Lovett, a widower who hasn’t worked since the California real-estate market imploded in 2008 (the book is set three years later), had been sleeping with (1) Carol Smitsky, an über-efficient secretary/receptionist at a car dealership, described as pretty and “whippet-thin,” and who shaves years off her age; (2) Peggy MacCallister, a flighty 66-year-old, pretty with a good figure and big silicon-enhanced breasts; and (3) Sue Mullen, a 49-year-old barmaid at the rundown Barleycorn’s Tap Room, a promiscuous redhead who likes to live on the wild side and stir things up. All of them knew about the others, but how much the situation suited them is anyone’s guess. Like Wade, Carol and Peggy live in the Happy Acres Mobile Estates, a down-at-heel trailer park in a fictional Westmorland, California.* Sue lives in an adjacent seedy housing development.

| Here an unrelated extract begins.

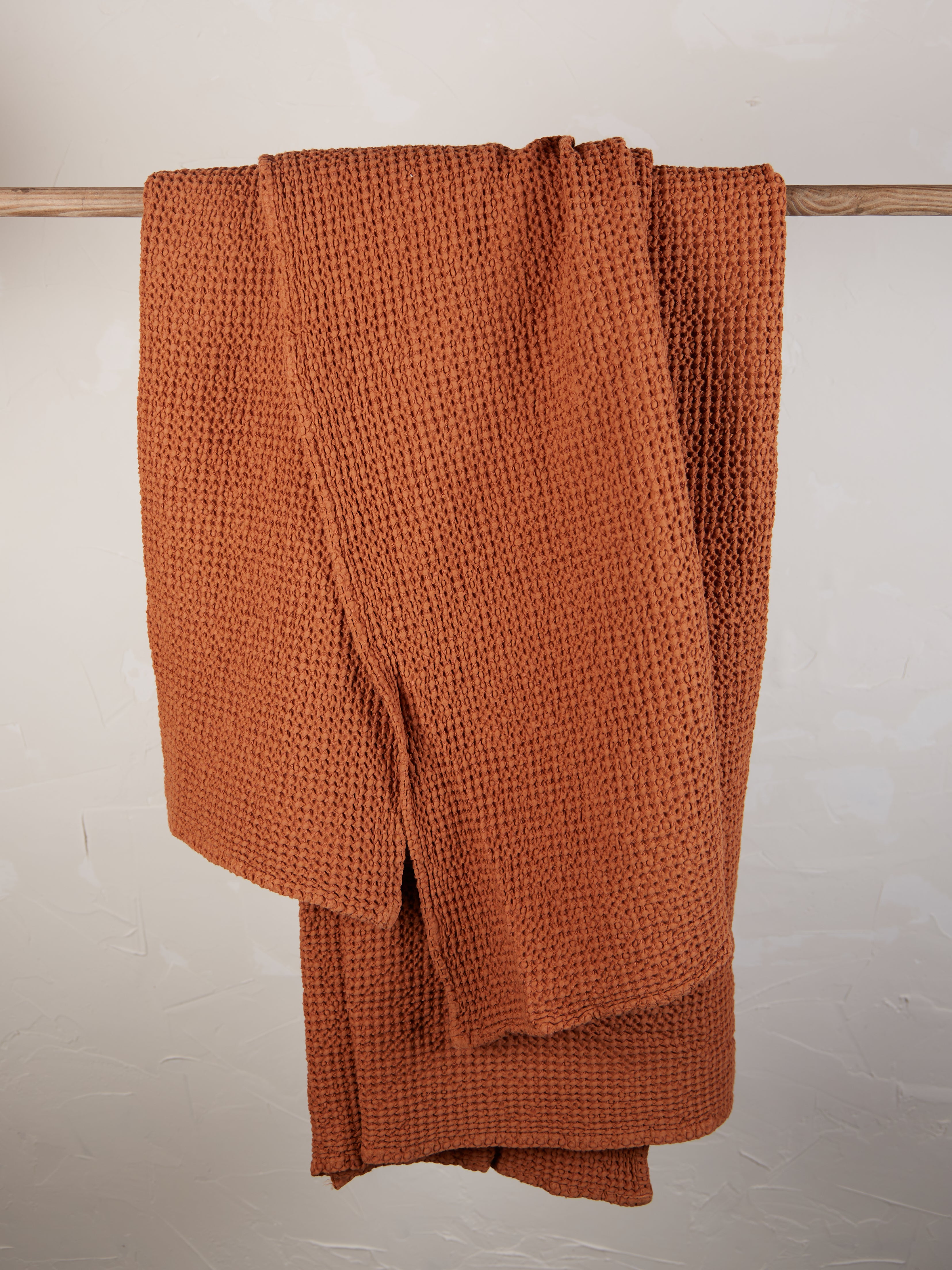 Maia Recycled Honeycomb Bedspread Throw - Copper - 4 Sizes Available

When Wade and Carol decide to contract a literal marriage of convenience, Wade goes to inform his other two lovers. Sue takes it badly, but Peggy doesn’t — because she’s dead, lying on the kitchen floor of her trailer, dead in a puddle of ice tea and vomit. Summoning the police, Wade assumes that Peggy died of a heart attack — until he finds himself the chief suspect in Peggy’s murder. With Detective Christopher Reich so convinced that Wade’s the killer that he isn’t looking at anyone or anything else, it falls to Wade to figure out who really did Peggy in.

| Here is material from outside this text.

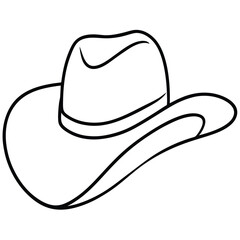 Cowboy Hat Line Art Vector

Except for annoyance over some typos and dropped words and poor California geography, * I really enjoyed this amusing novel and especially the likable rascal Wade and the denizens of the Happy Acres trailer park. With lots of twists and a superb denouement, I can’t wait to meet Wade again in a sequel.
In the interest of full disclosure, I received this book from NetGalley and Kenmore Books in exchange for an honest review.
*There’s a real Westmorland, California, but it’s near San Diego, not 183 miles away at the intersection of “the mighty 405” and Highway 22, as author J.T. Mott (a pseudonym) describes. The town that’s really there is Westminster, California. And that town is actually smack dab in Orange County, not barely outside of the county. No points for geography for Mott, whoever s/he is.